2014-01-31

Les sociétés écraniques (1)




Notre image du monde a considérablement évolué depuis le paysagisme impressionniste. Et pour reprendre les critiques des situationnistes, on pourra souligner qu’avec le web, nous passons de la société du spectacle à l’étape suivante, plus extrême, la société écranique, qui ressemble même parfois à une caricature de la ville! On pourrait soutenir aisément que le monde n’est fait que d’écrans. Instruments de notre nouvelle puissance ubiquiste ou gadgets ubuesques d’un monde schopenhauerien comme jeu et comme représentation, les écrans de notre temps, dans toutes les variations de leurs colorations artificielles, de leurs fonctions interactives et de leurs déréalisations, nous aspirent dans les espaces numériques. Apparences qui nous cachent la réalité, ou rectangles cathodiques qui la modélisent, la projettent et lui donnent des significations symboliques nouvelles, les écrans déclinent toutes les métaphores de notre image du monde et nous donnent accès à un ailleurs virtuel. L’écran devient un média en soi, comme la radio ou le téléphone. On pourrait dire, à la manière de McLuhan : « l’écran, c’est le message ». J’ai proposé d’appeler « nouveau naturalisme » ce monde écranique qui nous cannibalise. On ne saurait sous-estimer la diversité de ces écrans.

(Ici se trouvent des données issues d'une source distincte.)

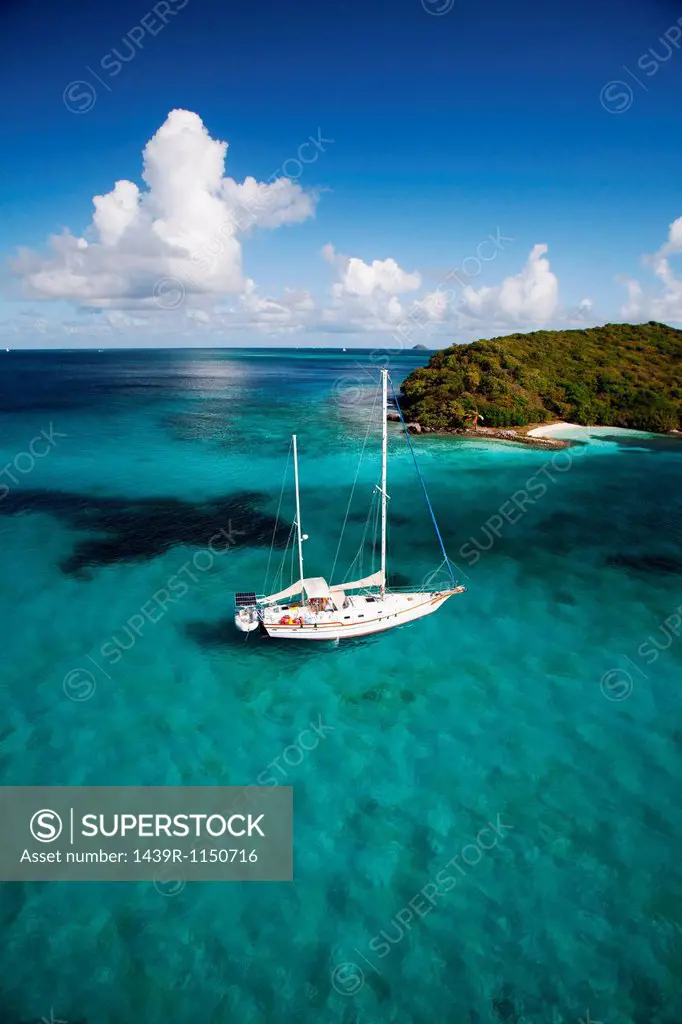 Sailboat in tropical water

- Le tout à l’écran. La philosophie kantienne nous invitait à relativiser notre connaissance, au niveau perceptif des phénomènes et des formes a priori de la sensibilité. La philosophie phénoménologique nous a appris depuis, en suivant la pensée de Husserl et de Merleau-Ponty, à relativiser encore plus notre rapport au monde, comme l’ont fait aussi les peintres cubistes. Avec eux, notre perception est devenue imaginaire, parce qu’intentionnelle, instrumentale, psychologique, culturelle, sociologique, etc. Nous ne sommes plus dans le dispositif simple d’un observateur qui examine un objet extérieur à lui, mais dans un jeu bidirectionnel, en constante mouvance, l’objet observé étant lié à l’observateur et réciproquement. Marcel Duchamp disait que c’est le regardeur qui fait le tableau. En d’autres termes, l’objet dépend de l’observateur.